### Imports and archives

#### Anime.csv

* anime_id - myanimelist.net's unique id identifying an anime.
* name - full name of anime.
* genre - comma separated list of genres for this anime.
* type - movie, TV, OVA, etc.
* episodes - how many episodes in this show. (1 if movie).
* rating - average rating out of 10 for this anime.
* members - number of community members that are in this anime's "group".


In [5]:
import findspark
findspark.init()

from pyspark.sql import SparkSession
from pyspark.sql.functions import *
import pyspark.sql.functions as F
import matplotlib.pyplot as plt
import pandas as pd

spark = SparkSession.builder.appName('AnimeAnalysis').getOrCreate()

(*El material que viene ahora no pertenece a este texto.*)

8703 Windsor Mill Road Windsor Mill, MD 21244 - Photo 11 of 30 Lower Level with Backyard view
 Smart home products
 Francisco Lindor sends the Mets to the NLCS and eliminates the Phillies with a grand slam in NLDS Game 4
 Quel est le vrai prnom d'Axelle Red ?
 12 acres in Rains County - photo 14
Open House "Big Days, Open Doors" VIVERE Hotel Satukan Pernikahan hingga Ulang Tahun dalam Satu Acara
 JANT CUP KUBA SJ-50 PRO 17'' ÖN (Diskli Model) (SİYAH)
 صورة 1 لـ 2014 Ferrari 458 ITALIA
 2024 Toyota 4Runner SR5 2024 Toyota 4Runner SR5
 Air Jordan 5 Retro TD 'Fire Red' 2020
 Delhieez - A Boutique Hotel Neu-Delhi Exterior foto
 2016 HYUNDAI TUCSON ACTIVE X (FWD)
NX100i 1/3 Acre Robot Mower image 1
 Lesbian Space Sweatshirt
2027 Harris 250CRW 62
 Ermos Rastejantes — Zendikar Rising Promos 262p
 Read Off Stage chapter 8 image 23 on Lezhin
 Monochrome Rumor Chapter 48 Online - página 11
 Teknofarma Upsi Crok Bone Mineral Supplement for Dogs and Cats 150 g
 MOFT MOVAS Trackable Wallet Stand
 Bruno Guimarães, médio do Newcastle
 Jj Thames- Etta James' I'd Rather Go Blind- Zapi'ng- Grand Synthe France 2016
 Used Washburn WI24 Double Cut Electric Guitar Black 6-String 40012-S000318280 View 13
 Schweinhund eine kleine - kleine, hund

spark.conf.set('spark.sql.repl.eagerEval.enabled', True)

In [6]:
anime = spark.read.csv('../data/raw/anime.csv', header=True, inferSchema=True)

### Data set Anime

In [7]:
# Mostrar la estructura del DataFrame
anime.printSchema()

# Mostrar los primeros 5 registros
anime.show(5)

# Contar el número de registros en el DataFrame
count = anime.count()
print('El número de registros en el DataFrame ANIME es:', count)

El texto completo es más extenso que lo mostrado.